PROVIDED INFORMATION —

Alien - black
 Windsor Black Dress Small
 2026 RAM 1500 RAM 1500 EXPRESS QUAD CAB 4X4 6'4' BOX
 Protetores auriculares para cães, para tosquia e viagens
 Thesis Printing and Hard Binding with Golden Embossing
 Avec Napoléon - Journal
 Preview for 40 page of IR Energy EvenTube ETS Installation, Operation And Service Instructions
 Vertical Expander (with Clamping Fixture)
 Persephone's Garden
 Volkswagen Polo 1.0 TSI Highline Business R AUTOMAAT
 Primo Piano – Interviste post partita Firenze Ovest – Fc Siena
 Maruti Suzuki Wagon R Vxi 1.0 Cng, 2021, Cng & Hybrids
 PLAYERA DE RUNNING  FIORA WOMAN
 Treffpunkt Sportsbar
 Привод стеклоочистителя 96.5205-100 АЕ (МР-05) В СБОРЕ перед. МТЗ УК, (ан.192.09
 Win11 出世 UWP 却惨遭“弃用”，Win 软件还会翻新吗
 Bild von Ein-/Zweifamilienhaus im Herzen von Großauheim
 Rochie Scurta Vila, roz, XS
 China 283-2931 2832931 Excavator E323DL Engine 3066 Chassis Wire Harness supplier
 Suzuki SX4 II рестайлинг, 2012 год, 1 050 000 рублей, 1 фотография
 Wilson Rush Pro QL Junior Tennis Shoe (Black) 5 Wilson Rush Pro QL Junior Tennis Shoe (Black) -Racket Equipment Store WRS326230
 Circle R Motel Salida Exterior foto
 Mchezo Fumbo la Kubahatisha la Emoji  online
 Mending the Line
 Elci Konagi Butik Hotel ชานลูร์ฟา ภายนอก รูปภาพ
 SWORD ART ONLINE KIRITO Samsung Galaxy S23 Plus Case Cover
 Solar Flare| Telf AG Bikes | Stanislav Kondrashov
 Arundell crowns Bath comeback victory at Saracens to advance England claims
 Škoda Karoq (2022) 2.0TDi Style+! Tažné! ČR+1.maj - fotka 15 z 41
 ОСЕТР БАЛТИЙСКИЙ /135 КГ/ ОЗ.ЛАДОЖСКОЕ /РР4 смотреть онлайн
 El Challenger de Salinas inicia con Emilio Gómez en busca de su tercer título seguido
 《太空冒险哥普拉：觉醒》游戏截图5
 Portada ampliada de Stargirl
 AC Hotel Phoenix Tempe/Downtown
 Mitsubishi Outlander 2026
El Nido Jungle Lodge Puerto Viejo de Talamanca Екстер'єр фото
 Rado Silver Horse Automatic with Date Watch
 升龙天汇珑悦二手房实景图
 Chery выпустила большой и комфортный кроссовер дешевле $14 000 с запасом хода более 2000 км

ACTIVITY — Transcribe exactly, and only, the lines that extend from the one containing "Mending the Line" to the end of the records above, inclusive of both.

SOLVED PROBLEM —
 Mending the Line
 Elci Konagi Butik Hotel ชานลูร์ฟา ภายนอก รูปภาพ
 SWORD ART ONLINE KIRITO Samsung Galaxy S23 Plus Case Cover
 Solar Flare| Telf AG Bikes | Stanislav Kondrashov
 Arundell crowns Bath comeback victory at Saracens to advance England claims
 Škoda Karoq (2022) 2.0TDi Style+! Tažné! ČR+1.maj - fotka 15 z 41
 ОСЕТР БАЛТИЙСКИЙ /135 КГ/ ОЗ.ЛАДОЖСКОЕ /РР4 смотреть онлайн
 El Challenger de Salinas inicia con Emilio Gómez en busca de su tercer título seguido
 《太空冒险哥普拉：觉醒》游戏截图5
 Portada ampliada de Stargirl
 AC Hotel Phoenix Tempe/Downtown
 Mitsubishi Outlander 2026
El Nido Jungle Lodge Puerto Viejo de Talamanca Екстер'єр фото
 Rado Silver Horse Automatic with Date Watch
 升龙天汇珑悦二手房实景图
 Chery выпустила большой и комфортный кроссовер дешевле $14 000 с запасом хода более 2000 км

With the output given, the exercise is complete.